== WHAT YOU ARE ASKED TO DO ==
Reproduce, unchanged, the lines between the one holding "Автомобиль Hyundai Santafe" and the last line of the records, including both ends, but no pictures.

== SUPPLIED ENTRIES ==

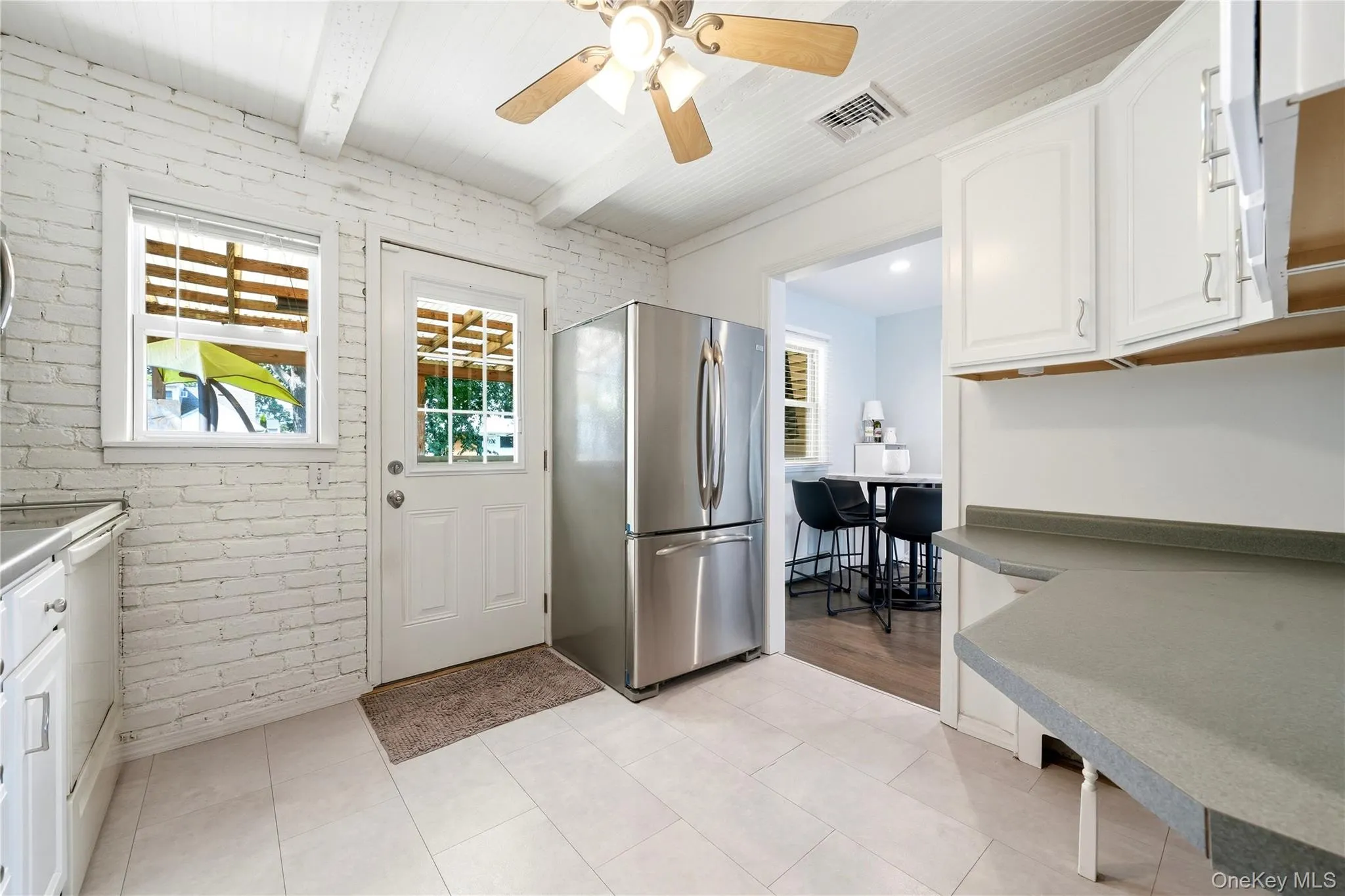 391 Oakwood Avenue, Islip, NY, 4 Bedrooms Bedrooms, 9 Rooms Rooms,2 BathroomsBathrooms,Residential,For Rent,Oakwood,0,1037247 391 Oakwood Avenue, Islip, NY, 4 Bedrooms Bedrooms, 9 Rooms Rooms,2 BathroomsBathrooms,Residential,For Rent,Oakwood,0,1037247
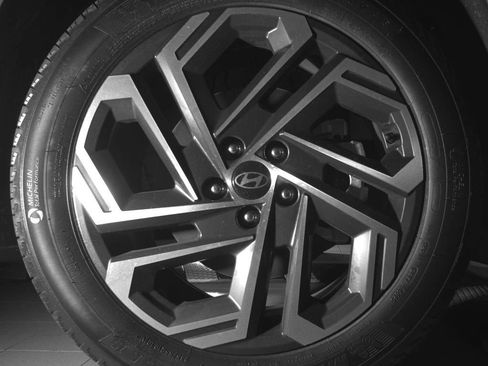New 2026 Hyundai Tucson Limited AWD/4WD image 18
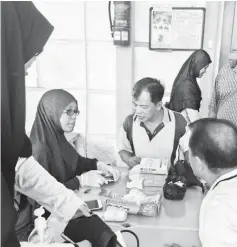  ??  ?? PAS members give basic health screening to the longhouse folks.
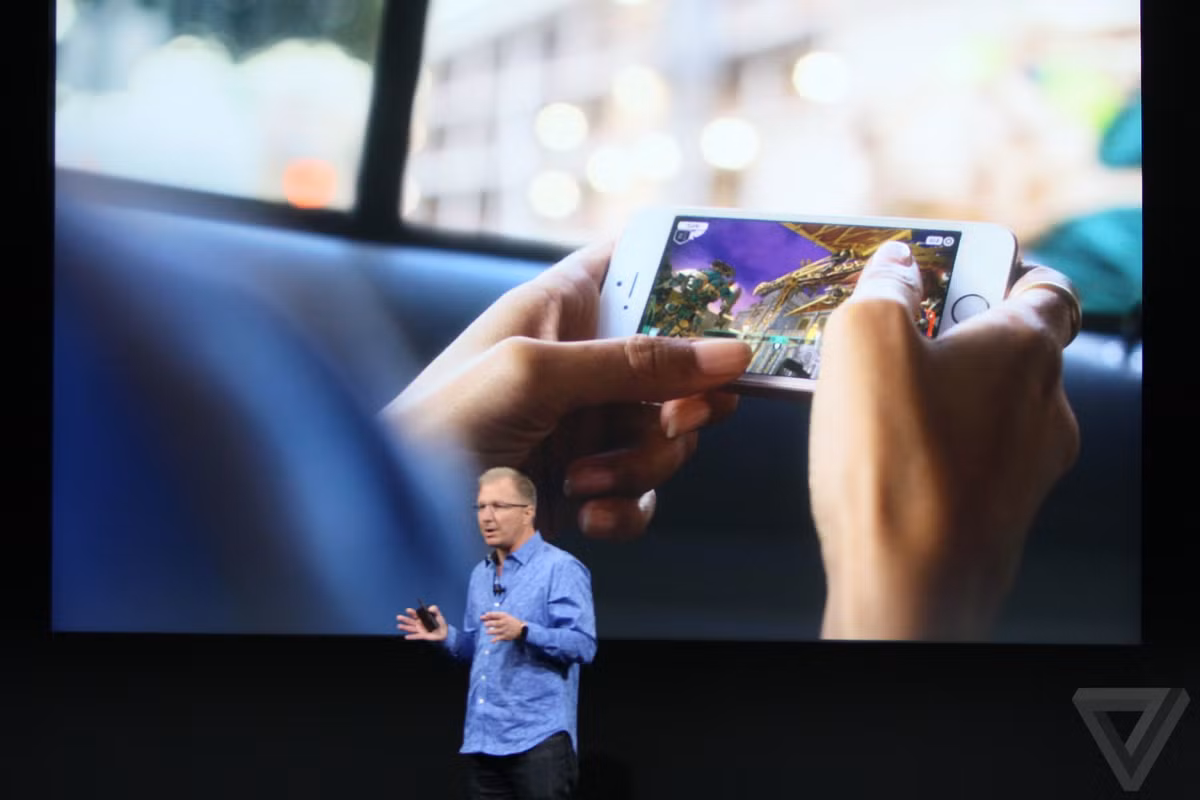 Máy hỗ trợ kích hoạt Siri bằng khẩu lệnh "Hey Siri".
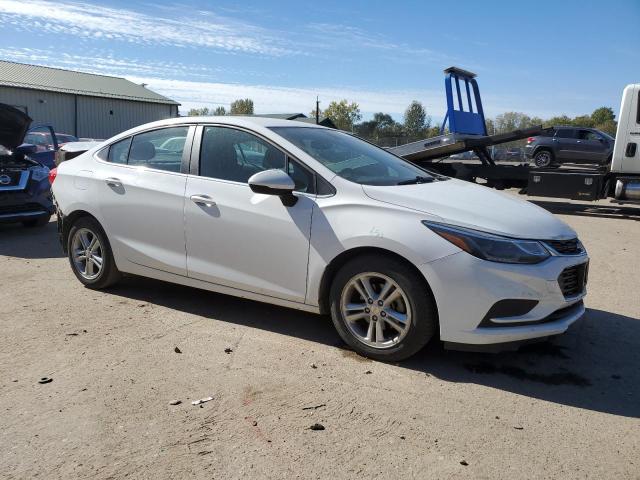 VIN 1G1BE5SM9H7201592 2017 Chevrolet Cruze, LT no.4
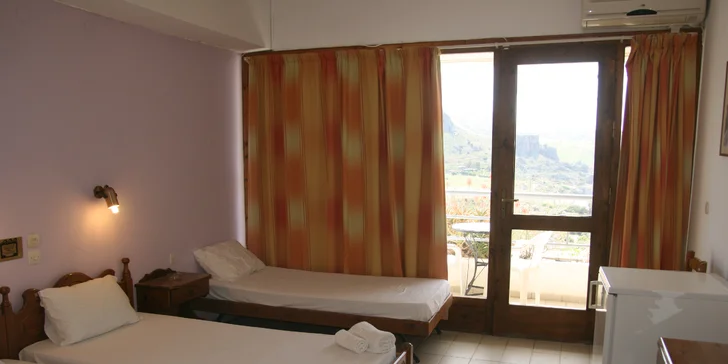 Letecky na 8 nebo 15 dní na Krétu: hotel u pláže, bazén a polopenze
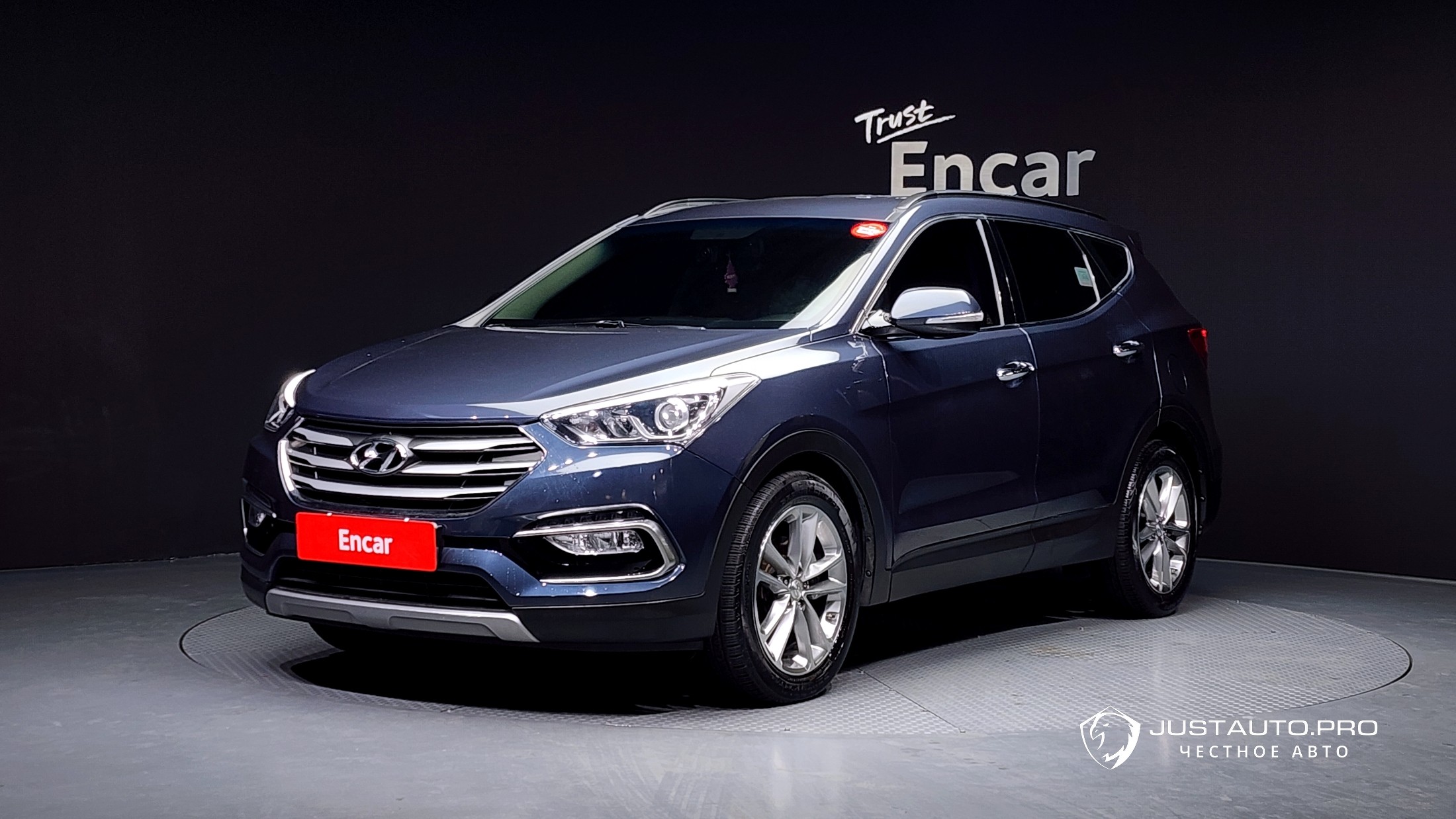 Автомобиль Hyundai Santafe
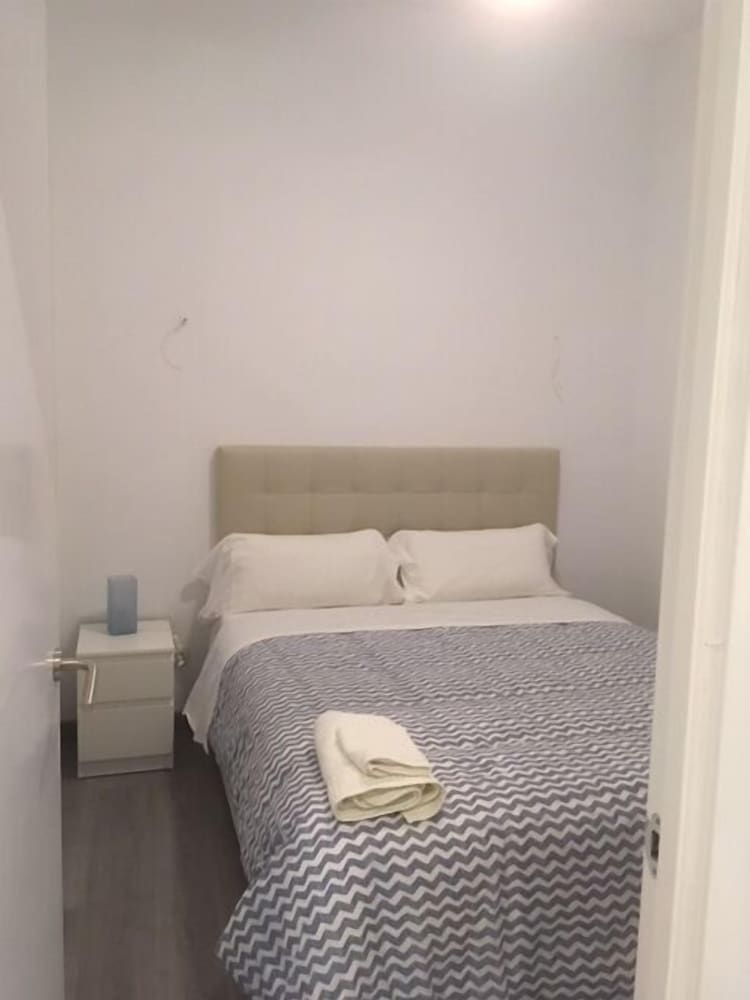 PIZARRO HOSTAL 14/50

== EXERCISE SOLUTION ==
 Автомобиль Hyundai Santafe
 PIZARRO HOSTAL 14/50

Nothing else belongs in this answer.